US stocks rise in post-holiday trading

US stocks edged up slightly in post-holiday trading on Monday, while analysts questioned whether favorable market conditions will continue to push Wall Street to all-time highs this year. continue in 2022 or not.

The broad S&P 500 stock index rose 0.9%, after closing record high on December 23 after weeks of volatility due to the Omicron coronavirus variant and the US Federal Reserve moved to reduce emergency stimulus measures.

The tech-focused Nasdaq 100 stock index rose 1.1%.

The S&P has rallied for more than a quarter this year, boosted by corporate earnings rebounding from the coronavirus recession in 2020 and bottoming interest rates sending investors flocking to equities.

US currency conditions still has a high capacity and recent economic data was strong. However, some Wall Street strategists expect the stock market to grow more muted next year, as the Fed raises borrowing costs to cope with the crisis. inflation increased driven by pressures on supply chains from pandemic restrictions as well as higher rents and energy prices.

“We are generally constructive on the U.S. equity outlook for 2022, although gains are expected to be lower than in previous years,” Citi strategist Scott Chronert wrote in a note to clients. before”. “Current inflation concerns imply that the Fed’s response will remain important to the direction of the market.”

Louis Gave, a Gavekal researcher, warned that Omicron could “destroy economies and lengthen supply chains”. But he also points to what he calls “encouraging” data in South Africa that suggest The new highly transmissible variant may be less likely to lead to hospitalization than Delta.

The Fed was poised to end its emergency stimulus package, where it bought about $120 billion in government and mortgage-backed bonds each month through the pandemic, in March. Central bank officials looking forward raise interest rates three times by 2022.

Yields on the benchmark 10-year US Treasury note, inversely proportional to the price of government debt securities, were flat at around 1.49% on Monday.

This debt instrument has relatively calm transaction This month as investors priced in a short-term rate hike won’t have much of an impact on yields on bonds, versus cash, over time.

However, government debt with shorter maturities has taken on the burden of betting on tighter monetary policy. Yields on the two-year Treasury note rose 0.03 percentage points to just under 0.72%, around the highest level since March 2020.

Elsewhere, Europe’s Stoxx 600 share index rose about 0.7%. Trading on London’s FTSE 100 has been halted over the holiday season.

The dollar index, which measures the US currency against six other currencies including the pound and the euro, was up 0.1%.
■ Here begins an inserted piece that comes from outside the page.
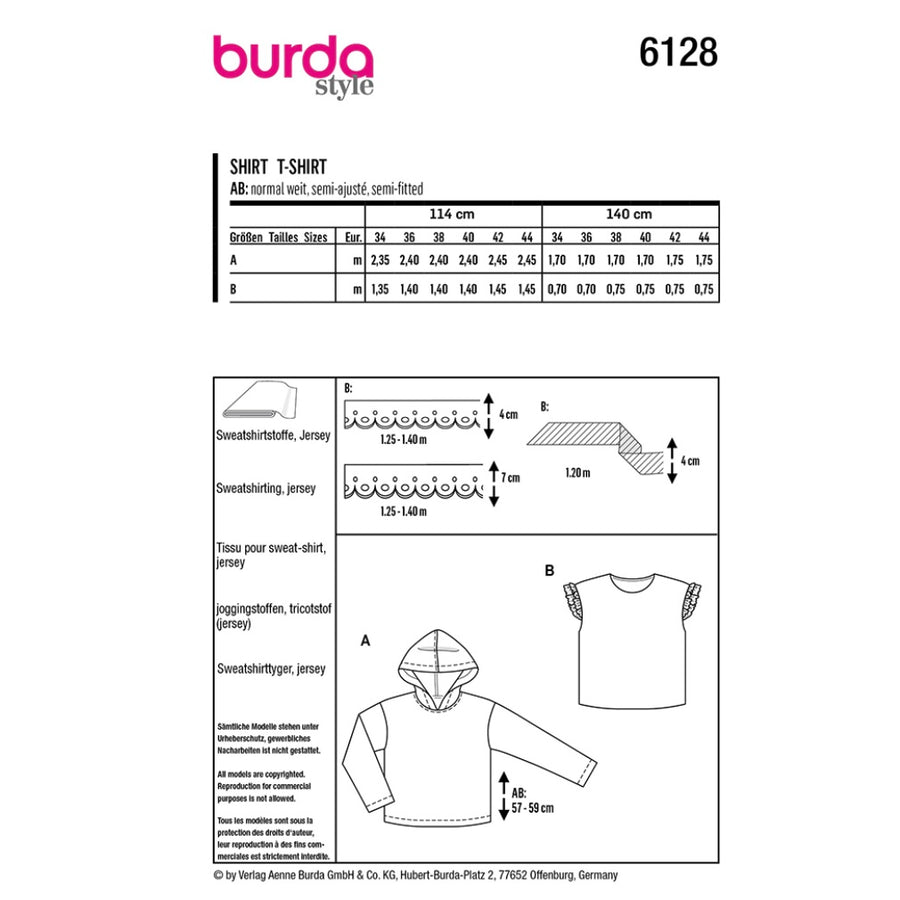 Hoodie Sweatshirt Sewing Pattern - Burda Style 6128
The pound inched 0.3% higher against the dollar to around $1.34 and gained 0.2% against the euro, buying just under 1.19 euros, as traders awaited a decision on coronavirus restrictions in the UK from UK Prime Minister Boris Johnson. The three administrative bodies of the country, Scotland, Wales and Northern Ireland have introduce again some measures.

The price of Brent crude, the oil benchmark, rose 3% to $78.68 a barrel.